**ASSIGNMENT:**
The output should match, line for line, the records from the line containing "Auf der Schauseite" through the line containing "Riot police facing", with every picture left out.
**** DATASET RECORDS
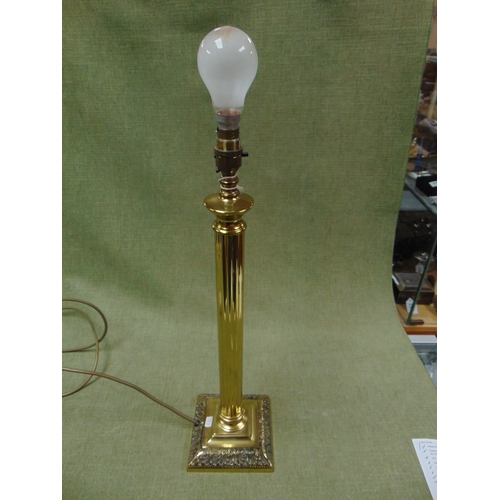 11 - Ornate brass column form table lamp, set on stepped base. 22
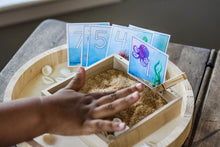 Load image into Gallery viewer, This preschooler is practicing writing numbers using the included writing tray with sand filler and Sea Creature Number Cards #1-12.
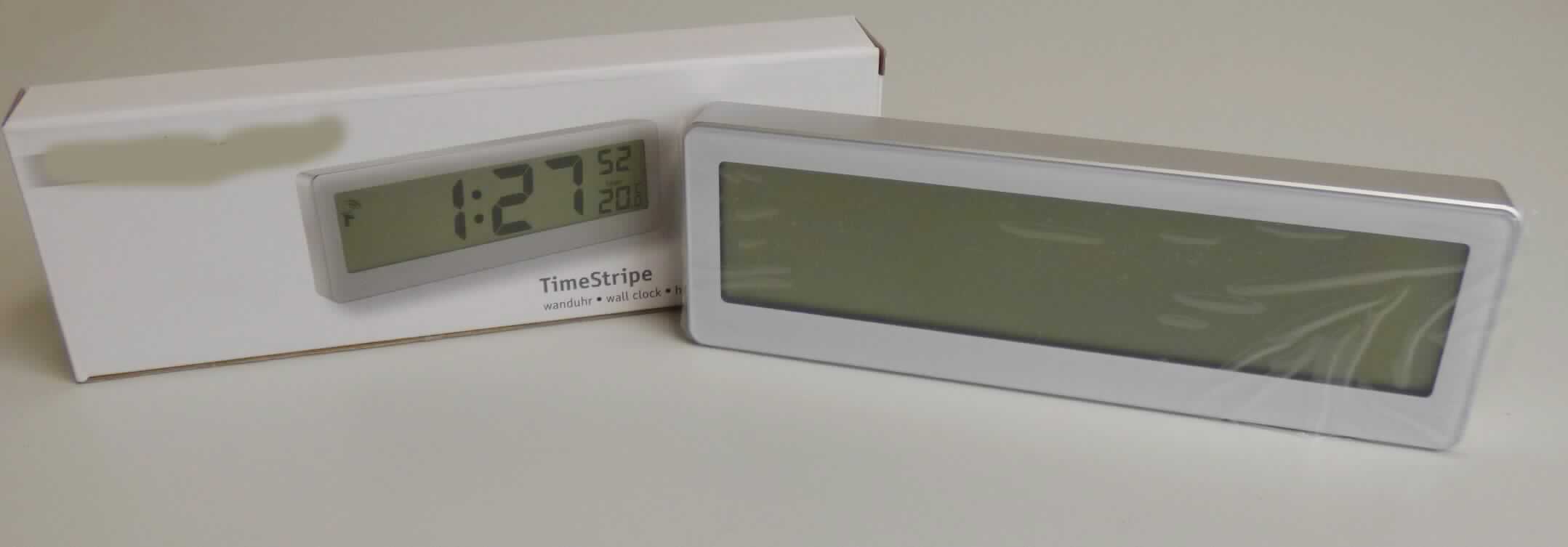 Bei der sog. "funkgesteuerten Designwanduhr", Art.-Nr. 929-00.002 handelt es sich um eine aus verschiedenen Bestandteilen zusammengesetzte Ware aus einem Thermometer für den Innenbereich und einer elektrisch betriebenen Wanduhr (Batterien enthalten), kein Kleinuhr-Werk enthaltend.

Eingefasst sind beide Bestandteile in einem ca. 21,5 x 7,2 x 2 cm (B x H x T) großen Kunststoffgehäuse, das auf der Rückseite mit vier Einstelltasten sowie einem Batteriefach versehen ist. 
Auf der Schauseite befindet sich ein ca. 19,5 x 4,5 cm (B x H) großes LCD-Display mit digitaler Anzeige. Zentral wird die Uhrzeit (Stunden, Minuten, Sekunden) in großen Ziffern angezeigt. Die Temperaturanzeige (Grad Celsius oder Fahreinheit) wird unten rechts in kleinen Ziffern angezeigt.

Die Uhr verleiht der Ware aufgrund des Umfangs und des Erscheinungsbildes ihren Charakter.

Die Ware ist mit einer Bedienungsanleitung in einem bedruckten Pappkarton aufgemacht.

Sie ist als "andere als von den Positionen 9101 bis 9104 erfasste Uhr, Wanduhr, elektrisch betrieben" einzureihen.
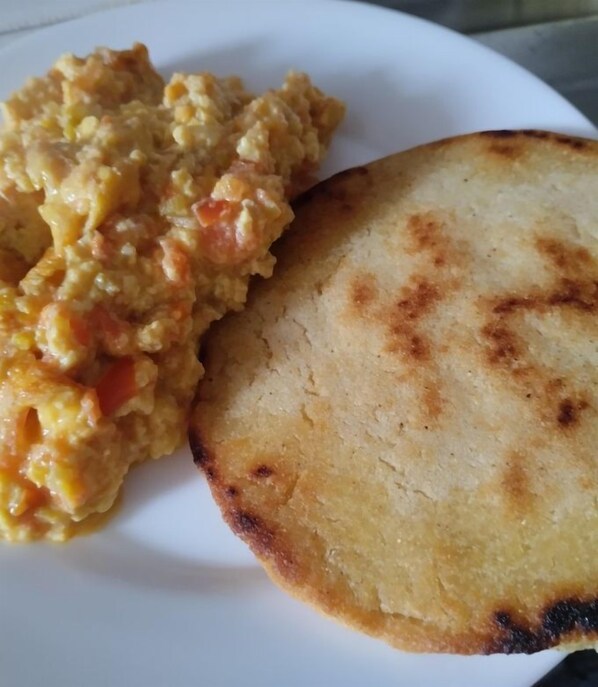 Un plato con huevos revueltos y una porción de pan plano.
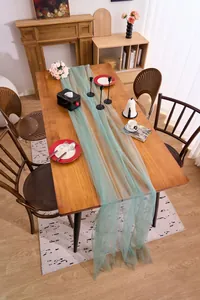 Sage green tulle table runner draped on a wooden dining table for elegant home party decor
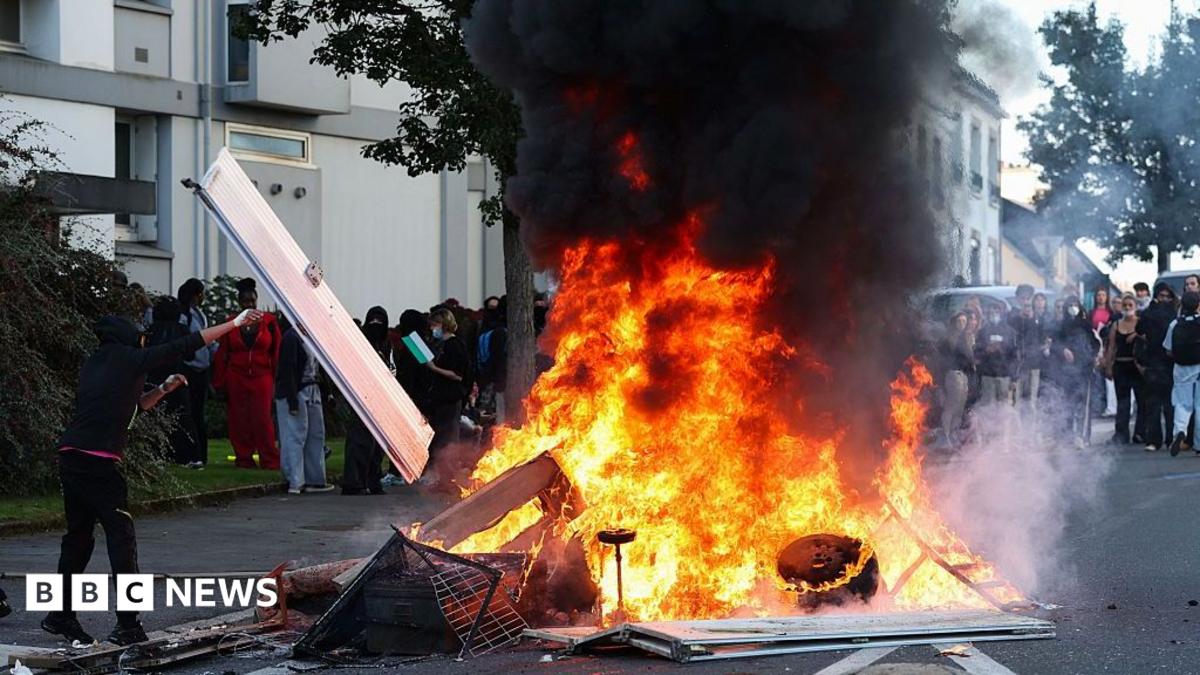 Riot police facing off against student protesters in France during school funding demonstrations.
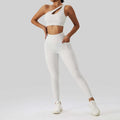 White one-shoulder crop top with cutout detail and matching high-waisted leggings in olive green yoga bra fitness suit with pockets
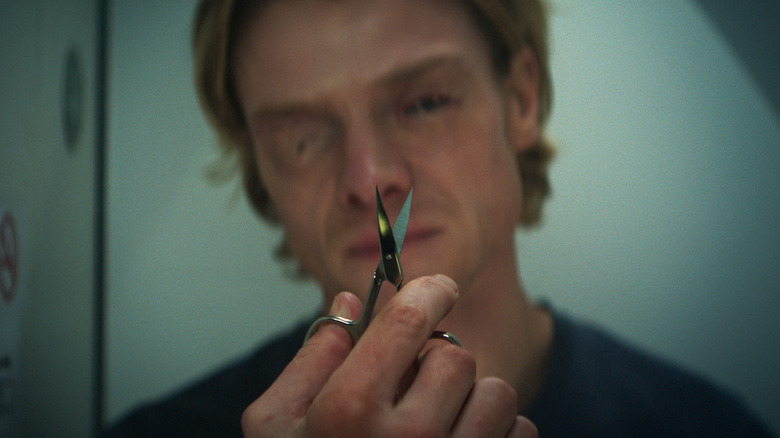 Matt Hagen staring at tiny scissors to help with his skin problems in "Clayface" (2026)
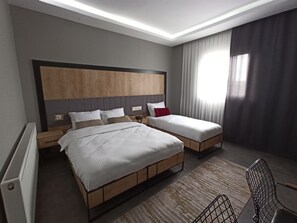 Ropa de cama de alta calidad y minibar 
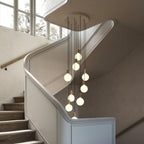 Nine-Drop Cluster Pendant, opal globe bulbs, oak, in a stairwell beside a window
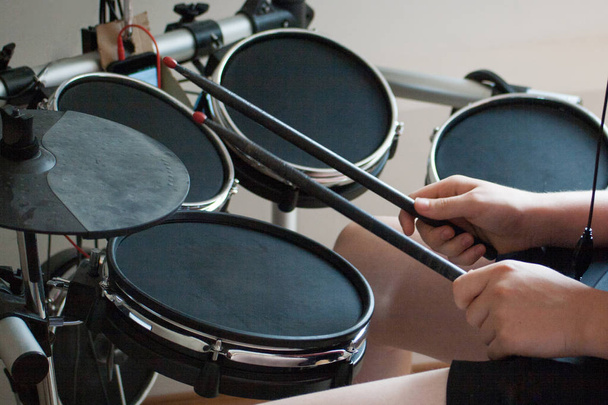 unrecognized boy practicing electronic drums with black drumsticks - Photo, Image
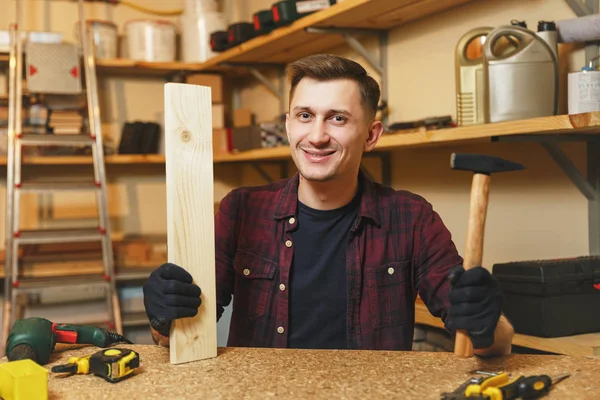 Bonito sorriso caucasiano jovem trabalhador homem em camisa xadrez, t-shirt preta, luvas de trabalho em oficina de carpintaria em lugar de mesa de madeira com pedaço de madeira, martelo, diferentes ferramentas . — Fotografia de Stock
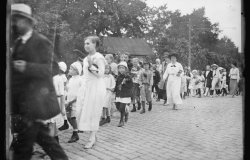 Children of Riga marching to the railway station of Riga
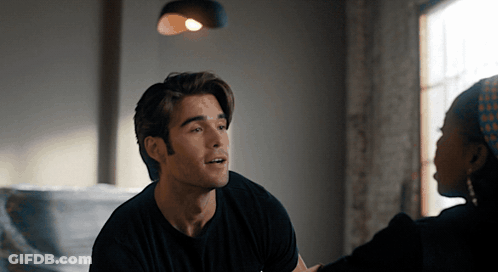 Man In Black Shirt Talking To Woman In Head Scarf GIF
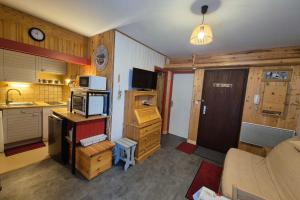 a room with a kitchen and a living room at Appartement idéal famille - pied des pistes in Les Déserts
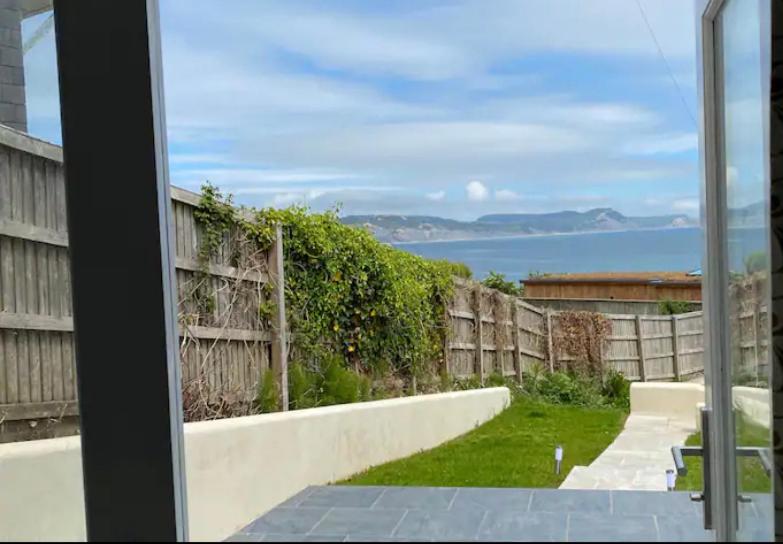 Stunning little house, 2 mins from Lyme Regis beach with a sea view Sleeps 4 free parking,small dog welcome view 5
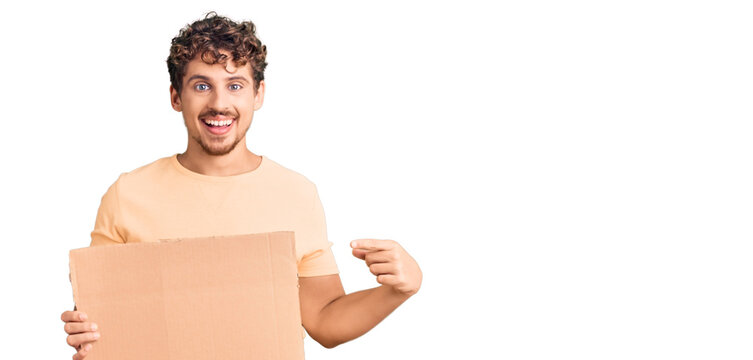 Young handsome man with curly hair holding blank cardboard empty banner smiling happy pointing with hand and finger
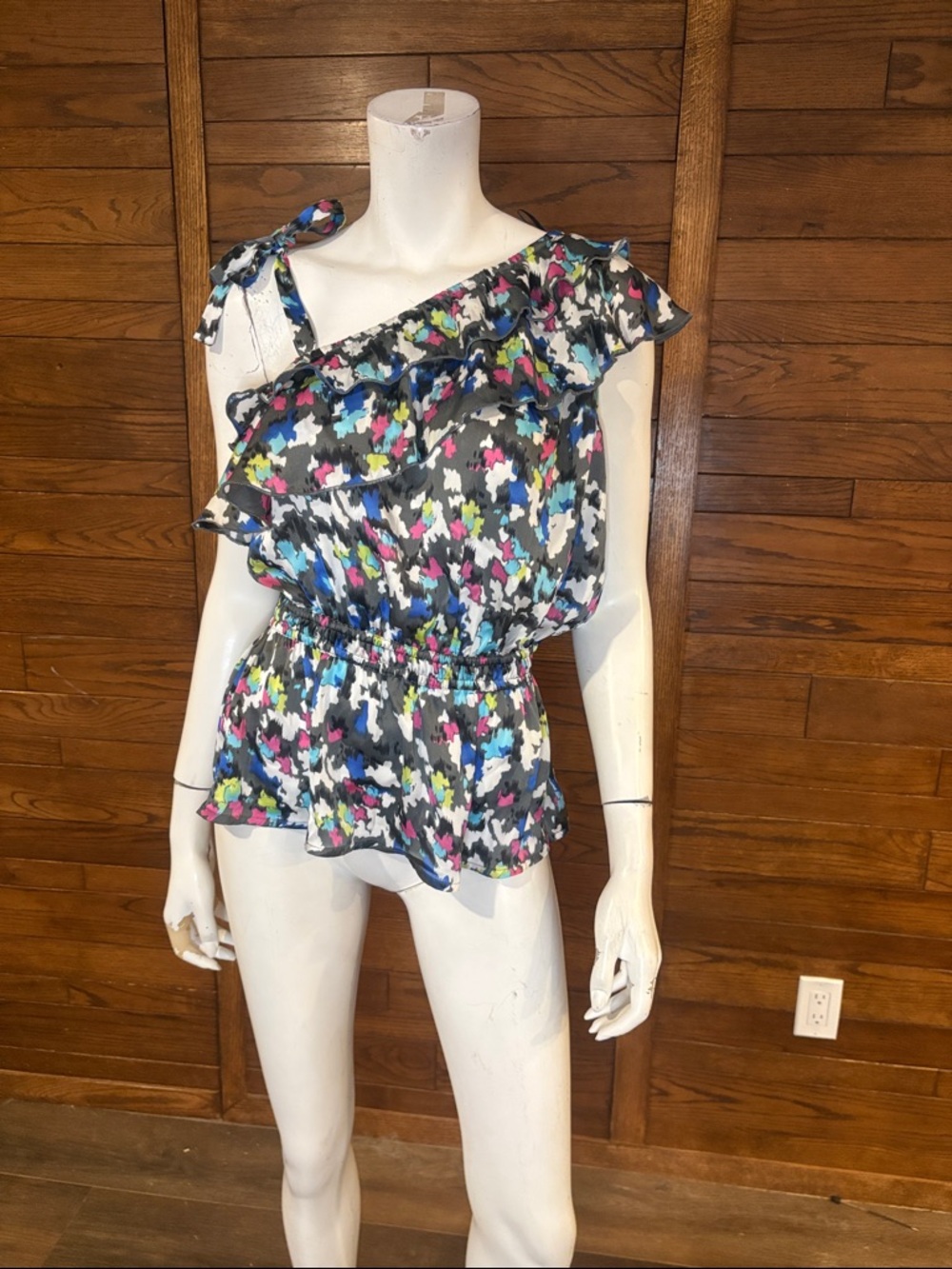 2B Bebe One-Shoulder Ruffle Peplum Top in Black Multicolor Print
********
**RESULT OF THE TASK:**
Auf der Schauseite befindet sich ein ca. 19,5 x 4,5 cm (B x H) großes LCD-Display mit digitaler Anzeige. Zentral wird die Uhrzeit (Stunden, Minuten, Sekunden) in großen Ziffern angezeigt. Die Temperaturanzeige (Grad Celsius oder Fahreinheit) wird unten rechts in kleinen Ziffern angezeigt.

Die Uhr verleiht der Ware aufgrund des Umfangs und des Erscheinungsbildes ihren Charakter.

Die Ware ist mit einer Bedienungsanleitung in einem bedruckten Pappkarton aufgemacht.

Sie ist als "andere als von den Positionen 9101 bis 9104 erfasste Uhr, Wanduhr, elektrisch betrieben" einzureihen.
 Un plato con huevos revueltos y una porción de pan plano.
 Sage green tulle table runner draped on a wooden dining table for elegant home party decor
 Riot police facing off against student protesters in France during school funding demonstrations.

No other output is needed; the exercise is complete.